The release as a whole captures and re-energises the sounds and pop-based-stylings of bands such as Green Day, later-era Against Me!, The Strokes and at times The Cars – coalescing into a confident, thunderous and powerful explosion waiting to be unleashed at the press of the play button. The EP stands firmly as a fantastic debut, and remains dynamic throughout. The excellent production on the record brings forth cannon-like drums, riffs as big as a house, and helps the listener embrace the urgency of the band.
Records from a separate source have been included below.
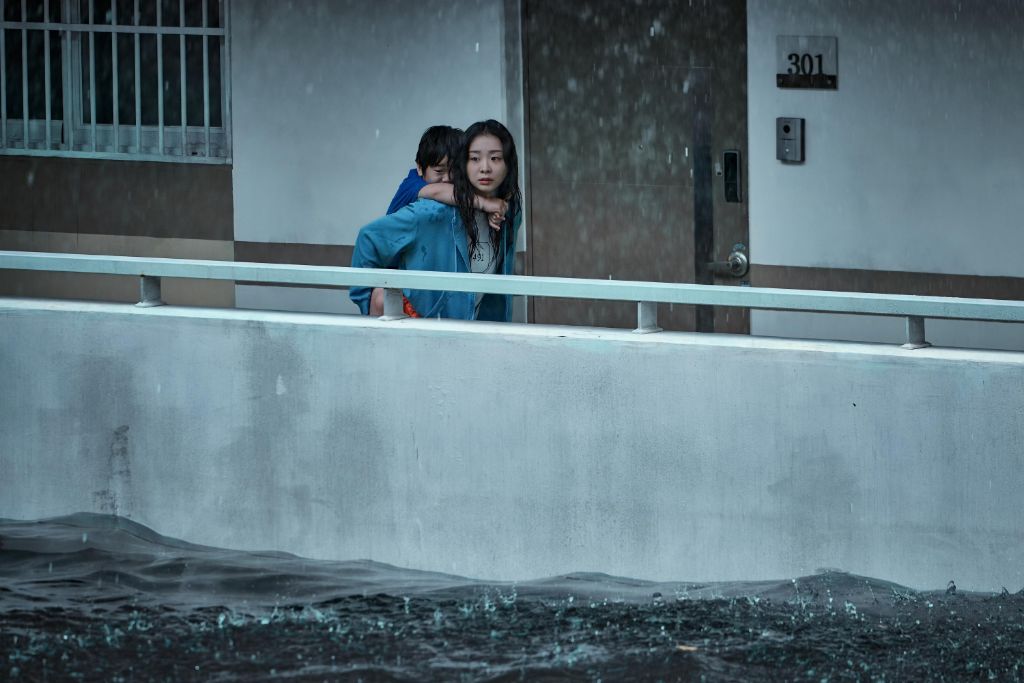 [스틸컷] SF 재난 영화 대홍수, 12월 19일 공개. 오직 넷플릭스에서 | 인스티즈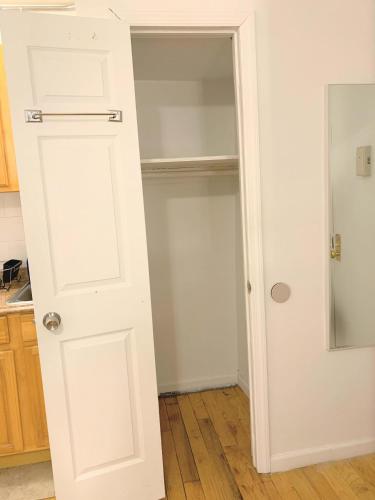 Shered bathroom 4 SofaBed + loftbed + kitchen, New York (Foto 8)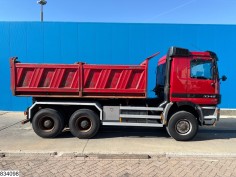 Mercedes Actros 3348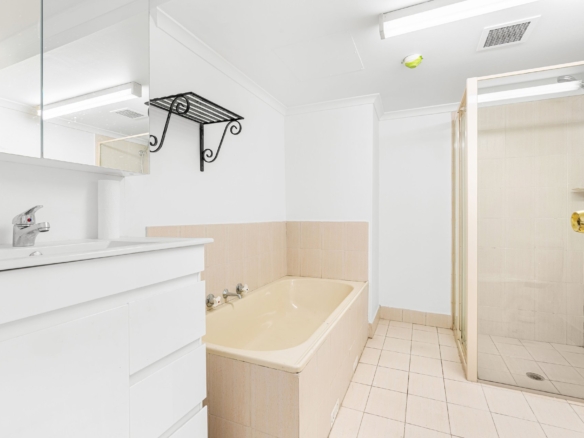 duCHATEAU | Real Estate | Surry Hills - 220 Goulburn Street - Surry Hills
With the heavy beat of the kick and snare, ‘Supersonic Pulse’ swings into action to open the EP and set the tone of the record. The roaring crisp and harmonized vocals, rolling bass groove, gritty guitars and inflating song structure produce a unanimous flow that takes the listener on a ride towards a climactic chorus that shines bright. My personal favourite song on the release is “She’s a Hero”. It’s gritty, full of raw attitude and possesses the tastiest chorus riff doing the rounds that demands heads to bang. Thomas unleashes his talent with flashy soloing laden with squealing harmonics and bends that make the guitar resonate fiercely.
Keeping the energy levels at the maximum, the band plummet into “Underneath The Sun” – a staple in their live set that presents a more pop-punk feel in comparison to the previous two tracks. The song with its punk-rock urgency is highly reflective of bands like Green Day and The Offspring in their prime, and proudly showcases the pop-structuring of their songs clearly. This is notable with the pause towards the end of the song which is succeeded by a punchy revival of the chorus, with half time changes.
To close the release, “Another Soul for Sale” ties up this hard-hitting record on a compelling note in tune to their more 90’s influences – although it maintains that gripping energy and catchy hooks – the song has more effective, tugging-at-the-heart-strings theme at play reflective in the instrumentation and dynamics. The ringing tonation of the bass line catching my ear, the drums pulsating in tandum with the stabbing guitars, and whirling solos gliding along the bridge are highlights for me on this track.